This study is not without limitations. First, this is a cross-sectional study and while associations found provide important clues, they are not necessarily causal. It is possible that there are more alcohol outlets near persons who drink more to meet the increased demand by those drinkers. Second, ethanol consumption is self-reported rather than objectively measured. While not perfect, there is some evidence (Gruenwald and Johns on, 2006), however, that a self-reported quantity-frequency measure based on the previous month of drinking exhibits good reliability (0.76). Third, survey non-response potentially introduced bias. The danger of non-response bias is somewhat mitigated because non-response here is mostly due to non-contact rather than due to non-cooperation which can be more selective. For establishing associations (rather than prevalences) the bias is also mitigated through the presence of regression covariates.

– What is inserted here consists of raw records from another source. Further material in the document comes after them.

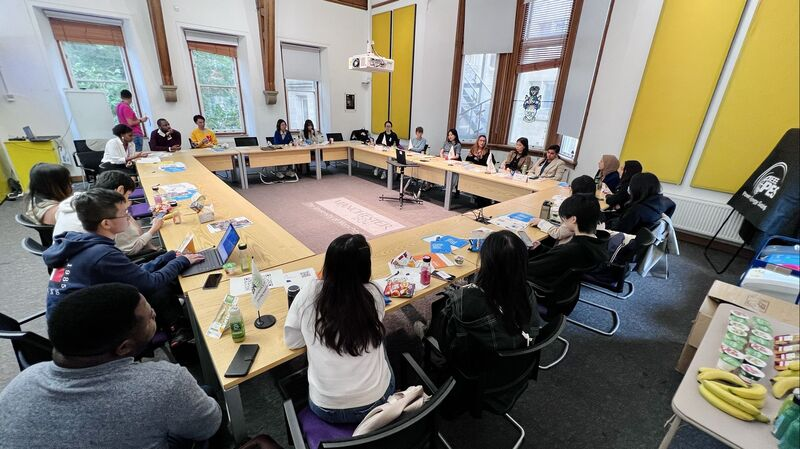 Delighted to share that on Thursday 22nd September 2022, the IEEE PES Student Branch Chapter at the University of Manchester (UoM) has succefully hosted a Women in Power (WiP) seminar, themed on “Inspiring the Next Generation of Female Engineers”.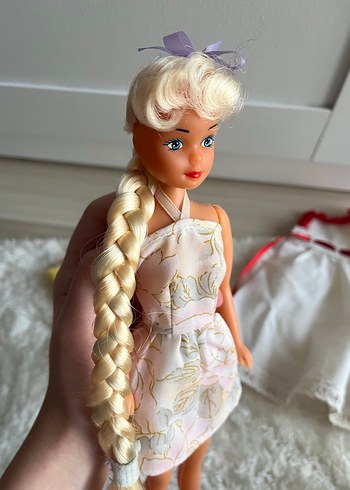 Vintage bebek - Görsel 4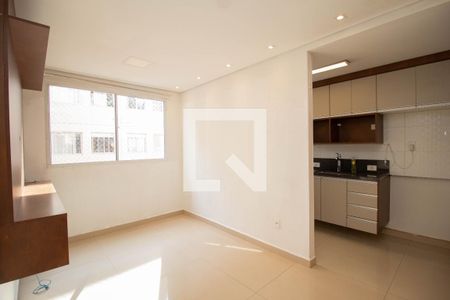 Sala de apartamento à venda com 2 quartos, 42m² em Jardim das Gracas, São Paulo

In summary, findings illustrate important limitations in determining exposures to alcohol based upon geographic proximity and outlet density. The main purpose was to assess the magnitude of the association between exposure and drinking, so that policy-relevant solutions can be identified that can reduce the negative consequences of alcohol use. Varying geographies and travel patterns make this investigation very complex, and ultimately, more sophisticated technologies that objectively measures exposures based upon actual interactions will be needed. Furthermore, other exposures that potentially influence drinking including print ads, billboards, and television viewing where the alcohol industry expends a significant amount of resources need to be considered. Developing a model that would take the full scope of exposures into account will be helpful in isolating the most significant exposures that lead to alcohol consumption and alcohol-related morbidity and mortality.

Acknowledgments

This research was supported by grant R01AA013749 of the National Institute on Alcohol Abuse and Alcoholism. The views presented in this paper are those of the authors and do not represent those of the funding agencies.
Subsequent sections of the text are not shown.